COMMISSION NATIONALE DES COMPTES DE CAMPAGNE ET DES FINANCEMENTS POLITIQUES c/
Mme Sandrine Dauchelle

Mme Dhiver, Présidente rapporteure

Mme Minet, Rapporteure publique

Audience du 7 juillet 2022

Décision du 12 juillet 2022

**RÉPUBLIQUE FRANÇAISE

AU NOM DU PEUPLE FRANÇAIS
**
Le tribunal administratif d'Amiens

(3ème chambre)



Vu la procédure suivante :

Par une saisine, enregistrée le 17 juin 2022, la Commission nationale des
comptes de campagne et des financements politiques (CNCCFP) a transmis au
tribunal, en application de l'article L. 52-15 du code électoral🏛, sa décision
du 13 juin 2022 rejetant le compte de campagne de Mme Aa Ab,
candidate tête de liste à l'élection municipale partielle des 10 et 17 octobre
2021 de la commune de Noyon (Oise).

Par un mémoire en défense, enregistré le 24 juin 2022, Mme Ab,
représentée par Me Grand d'Esnon, conclut au rejet de la saisine de la
Commission nationale des comptes de campagne et des financements politiques et
à ce qu'il soit mis à la charge de l'Etat la somme de 1 500 euros au titre de
l'article L. 761-1 du code de justice administrative🏛.

Elle soutient que :

- le motif tiré de ce qu'elle a bénéficié d'un avantage en nature de la part
de la ville de Noyon du fait de l'utilisation d'un logiciel de la commune pour
sa propagande électorale en méconnaissance de l'article L. 52-8 du code
électoral🏛
, n'est pas fondé ;

- le motif tiré de ce que la dépense relative à la conception et à
l'impression d'un bilan de mandat devait figurer dans son compte de campagne
n'est pas fondé ;

- en tout état de cause, au regard du faible montant en jeu concernant la
diffusion du bilan de mandat, ce motif ne pourrait conduire à la déclarer
inéligible.

Vu les autres pièces du dossier.

Vu :

- le code électoral ;

- le code de justice administrative.

Les parties ont été régulièrement averties du jour de l'audience.

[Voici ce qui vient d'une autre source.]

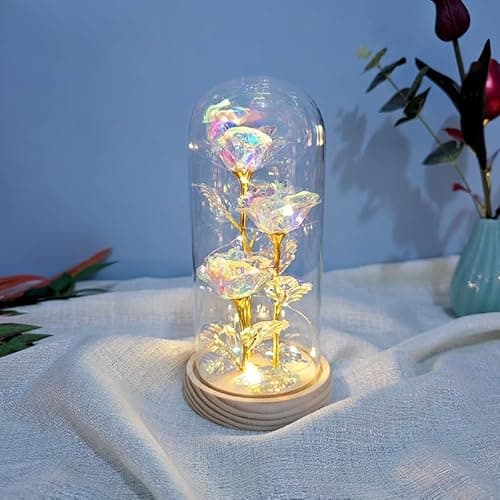 feeking for Mom, Preserved Forever Flower Rose Gifts for Women Grandma Girlfriend Wife Sister, Light Up Glass Rose Lamp, Valentines Christmas Birthday Gift for Her (Colorful) - Image 1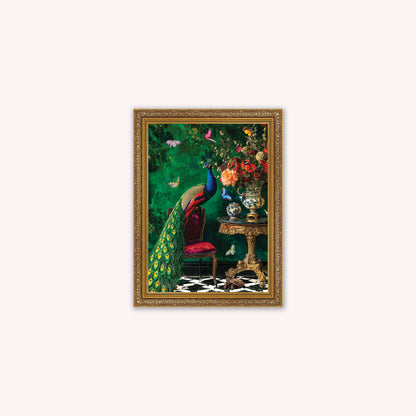 Curiosity Peacock at the Stately Home Framed Wall Art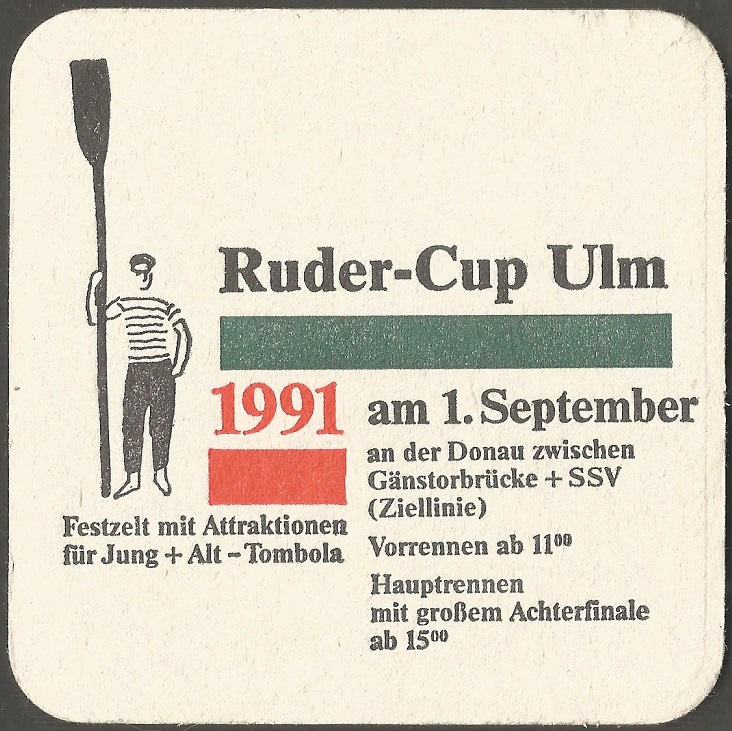 Beer mat GER 1991 Ruder Cup Ulm Rower parading with oar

Ont été entendus au cours de l'audience publique :

- le rapport de Mme Dhiver, présidente rapporteure,

- les conclusions de Mme Minet, rapporteure publique,

- et les observations de Me Grand d'Esnon, avocat de Mme Ab.

Considérant ce qui suit :

1. Aux termes de l'article L. 52-15 du code électoral🏛 : « La commission
nationale des comptes de campagne et des financements politiques approuve et,
après procédure contradictoire, rejette ou réforme les comptes de campagne.
Elle arrête le montant du remboursement forfaitaire prévu à l'article L.
52-11-1 (...) / Lorsque la commission a constaté que le compte de campagne n'a
pas été déposé dans le délai prescrit, si le compte a été rejeté ou si, le cas
échéant après réformation, il fait apparaître un dépassement du plafond des
dépenses électorales, la commission saisit le juge de l'élection. (...) ».

2. A la suite de l'annulation des opérations électorales qui se sont
déroulées les 15 mars et 28 juin 2020 dans la commune de Noyon, de nouvelles
élections en vue de la désignation des conseillers municipaux et
communautaires se sont tenues dans la commune les 10 et 17 octobre 2021. Par
une décision du 13 juin 2022, la Commission nationale des comptes de campagne
et des financements politiques a rejeté le compte de campagne de Mme
Ab, candidate tête de liste à ces élections, au motif qu'elle avait
bénéficié d'avantages consentis par la ville de Noyon en méconnaissance des
dispositions de l'article L. 52-8 du code électoral🏛, d'une part, en utilisant
un logiciel de la commune pour sa propagande électorale, d'autre part, en
ayant recours aux moyens de la commune pour la conception, l'impression et la
diffusion d'un bilan de mandat. La Commission nationale des comptes de
campagne et des financements politiques a saisi le tribunal de cette décision,
en application de l'article L. 52-15 du code électoral🏛.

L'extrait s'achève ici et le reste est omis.